Hwang's protagonist is an American businessman who runs a Cleveland-based sign-making company that has seen better days. In hopes of tapping into the huge market that so many western firms covet, he travels to China with a seemingly simple objective: to create and fabricate English-language signs that won't embarrass his clients. A secondary motive for his trip is more personal: to escape the notoriety he achieved as a major player in the Enron scandal.

But signmaker Daniel Cavanaugh (Alex Moggridge, a perfect embodiment of mid-American sincerity, innocence and opportunism) learns very quickly that deal-making in China requires more than the presentation of proposals and inking of contracts. It demands strong relationships with important people, cultivated over time. Who you know matters more than what you know, even in Asia.
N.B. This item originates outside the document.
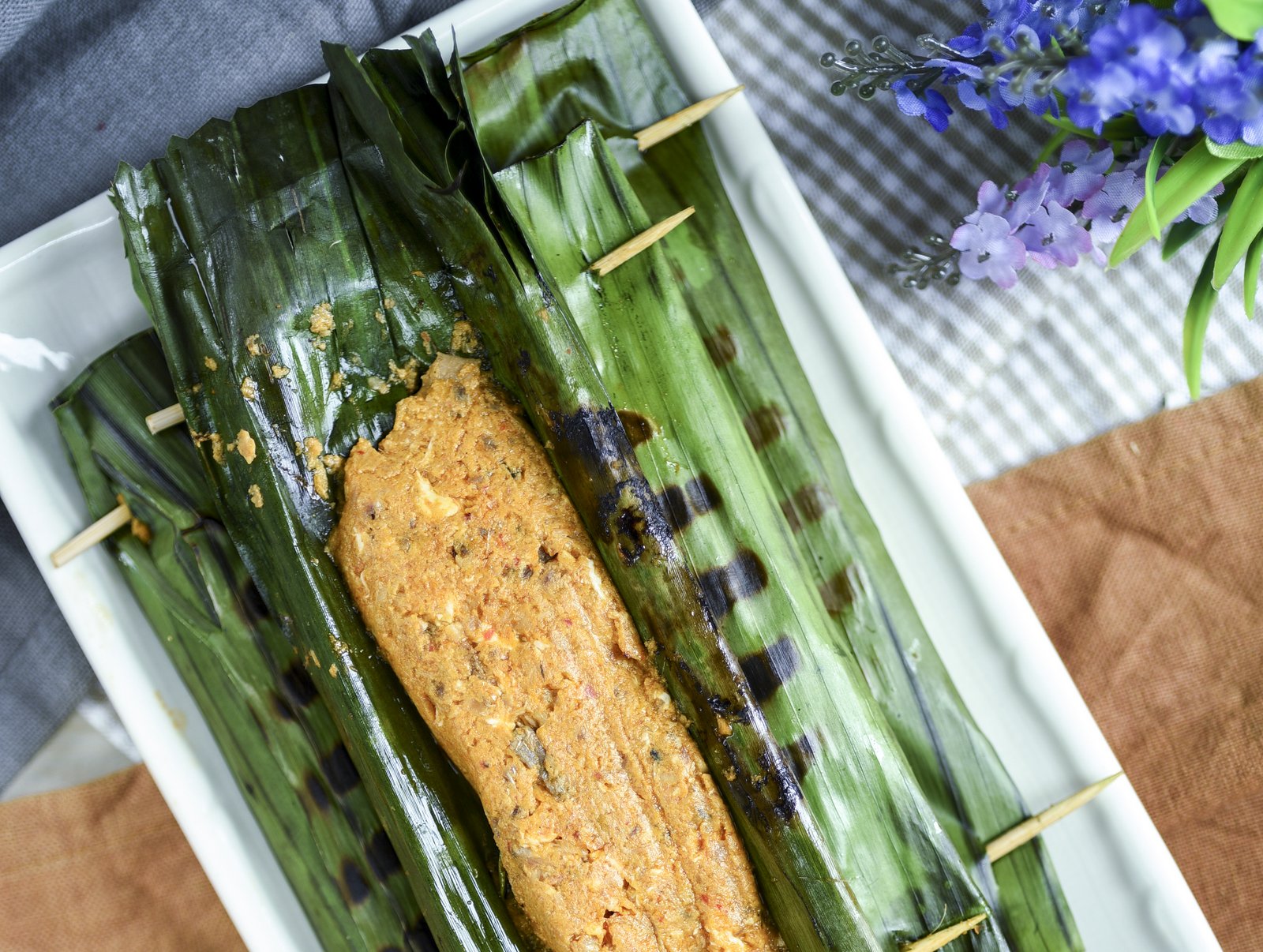 Kumro Patai Ilish Paturi Recipe - Hilsa Fish In Pumpkin Leaves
To some degree, Cavanaugh understood this even before he arrived, so he hired a consultant, a British expat named Peter (Brian Nishii) who had lived in China for many years, spoke Mandarin fluently and knew the right people. In this case, the "right people" are commu-capitalists with powerful positions in the inseparable spheres of politics and business.

The dynamics of deal-making and the impediments to communication become clear early on, in a meeting between Cavanaugh, Peter and two party officials, Minister Cai (Larry Lei Zhang) and Vice Minister Xi (Michelle Krusiec). A fifth participant at the gathering is a young translator, Miss Qian (Celeste Den) whose English is less than perfect.

About one third of the dialogue is spoken in Mandarin, with succinct translations projected above the stage. The mistakes are easy targets. (Daniel: "We're a small family firm;" Qian, projected: "His company is tiny and insignificant.")

The flub brought down the house, as did similar bloopers by different translators at later business meetings.

But the goal of the session -- to build the beginnings of trust and friendship between Cavanaugh and Cai -- succeeds, even though the bond stems in large part from still another quirky misunderstanding: the minister's affection for Chicago, which comes up in conversation.

Hwang's depiction of business takes a course that shouldn't surprise anyone who follows news out of China, even casually. Cavanaugh and Peter, as his surrogate, find themselves confronting nepotism, local politics and impenetrable relationships, imperiling the hopes of both the foreigners and locals. Sometimes they score, sometimes they don't.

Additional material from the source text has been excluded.